→ **What you will do**: Reproduce the whole listing that follows, character for character, and drop the images.

→ **Dataset excerpt**:
>>>>

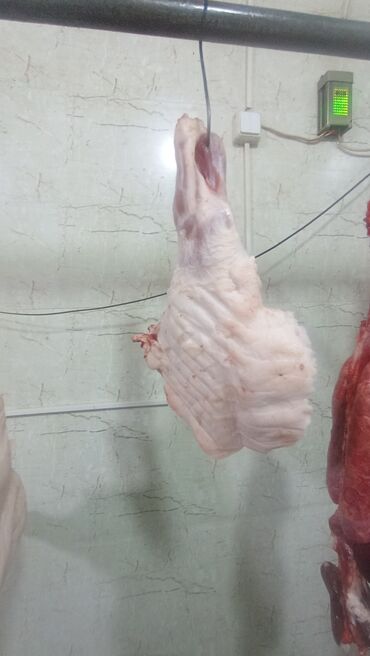 Готовые блюда, кулинария: Təzə, kəsilmiş donuz et Xırdalan təzə bazar padvalda iş vaxdi seher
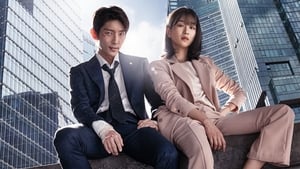 Lawless Lawyer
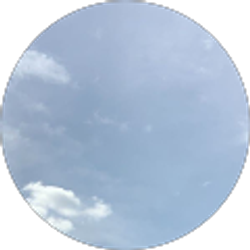 Profile photo of mallory link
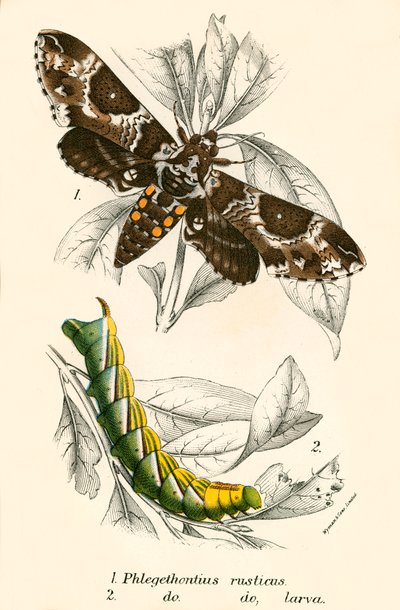 Schmetterlinge von English School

<<<<

→ **Exercise output**:
 Готовые блюда, кулинария: Təzə, kəsilmiş donuz et Xırdalan təzə bazar padvalda iş vaxdi seher
 Lawless Lawyer
 Profile photo of mallory link
 Schmetterlinge von English School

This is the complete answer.